The transcription will be made only for short timing audio (up to 15 seconds) and short utterances. As a consequence of this second condition, text output can be "incomplete" regarding the audio input because the transcription will be made up to the first "silence mark" (e.g. as Microsoft does). The aim is to identify a voice command.

Chinese providers

Only support Chinese-spoken audios. Otherwise, it will raise a GXAI5000 error when the audio is provided in another (unknown) language.

For example, taking the following Chinese-spoken audio, you will get the result detailed on the below table.

SpeechToText - Sample - Chinese

0:00

Provider	Output	Benchmark
Alibaba	{ "Text": "提出的第一个问题是什么是冰山冰山是一个自动生成软件，程序的工具，例如为应用程序和智能设备始终处于技术发展的最前沿。
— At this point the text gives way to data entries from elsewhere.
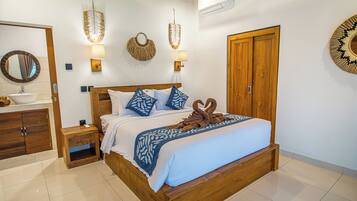 Habitación de hotel con cama y armario de madera, baño con lavamanos y espejo.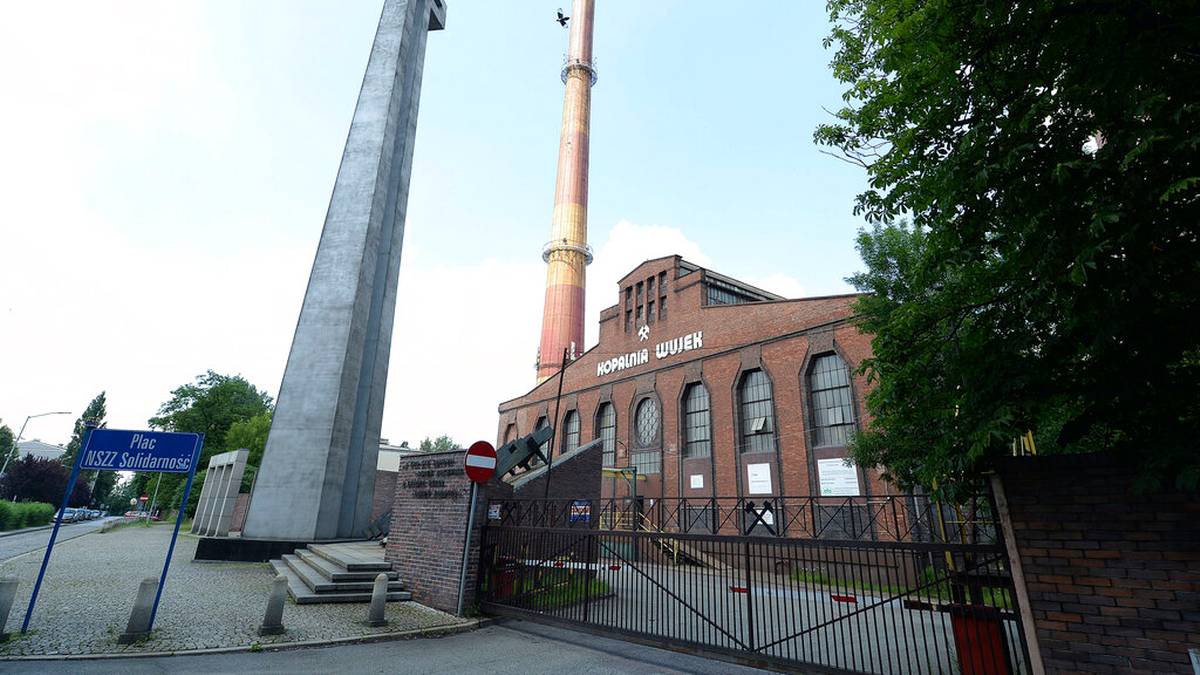 Monumentalny monument krzyża obok ceglanego budynku przemysłowego z kominem w Katowicach.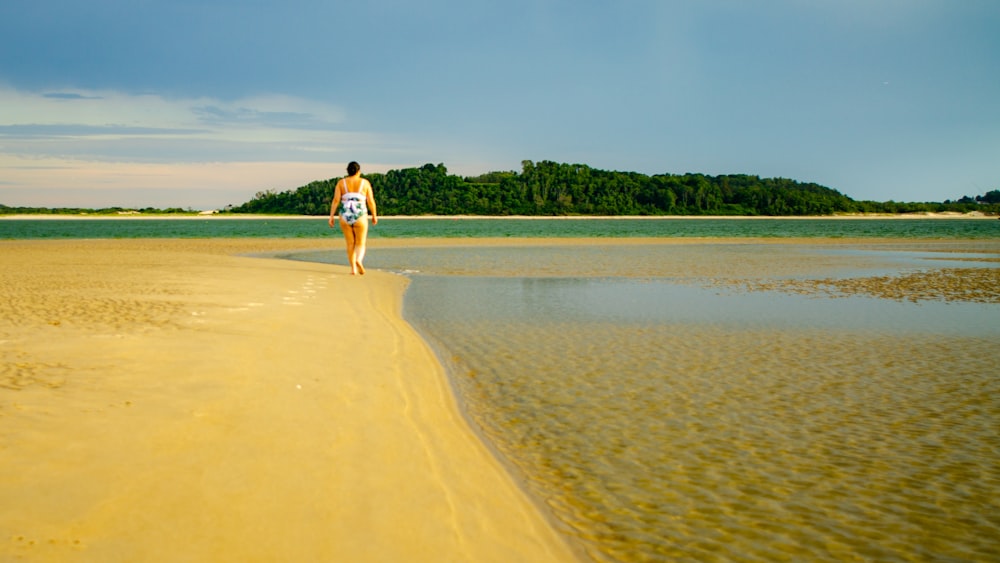 a man walking on a beach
" "Confidence": 1.0 }	13160ms
Baidu	{ "Text": "提出的第一个问题是一个自动生成软件程序的工具，例如应用程序，智能设备始终处于技术发展的最前沿", "Confidence": 1.0 }	101354ms
Tencent	{ "Text": "提出的第一个问题是什么仅三十一个自动生成软件程序的工具例如应用程序可智能设备始终处于技术发展的最前沿", "Confidence": 1.0 }	98457ms

Amazon provider

The audio file must be uploaded to Amazon S3. In case you have set Storage Provider property with your Amazon credentials, any audio will be automatically stored on your S3 bucket to be processed. In another case, you must provide an URL with one of the following expressions:
+ http://{bucket}.s3.amazonaws.com/{path/to/filename.ext}
+ http://{bucket}.s3-{region}.amazonaws.com/{path/to/filename.ext}
+ http://s3.amazonaws.com/{bucket}/{path/to/filename.ext}
+ http://s3-{region}.amazonaws.com/{bucket}/{path/to/filename.ext}
The {region} must match with the region of your access credentials (or can be empty only when your region is 'us-east-1').

Notes

Input audio format depends on the provider type.
- Amazon WS supports mp3, mp4, wav and flac.
- Baidu AI supports pcm, wav, and amr.
- IBM Watson supports mp3, mp4, wav, ogg, flac and webm (GeneXus 16 Upgrade 0 only supports mp3)
- Microsoft Azure supports wav only.
- Google Cloud AI supports mp3, wav and ogg.
- Tencent AI supports wav only.
Use this site to verify your audio has an appropriate mime-type.
Audio format conversion can be done by using an external tool.
GeneXusAI integrates this feature automatically as an experimental feature if you follow these steps:
1) Download the ffmpeg tool depending on your server's operative system (i.e. Linux or Windows).
2) Attach the binary file to your knowledge base as a File object.
3) Set the Extract for {gen} Generator property in True, being '{gen}' your working generator (Java, .NET or .NET Core).
4) Set the {gen} Generator Extract Directory property with "Resources" value.
5) Ensure that the extracted binary file has execution permission where the webapp is running.
6) Give an &audio input to this task without worrying about its format.
Take into account that adding this feature the performance can be degraded.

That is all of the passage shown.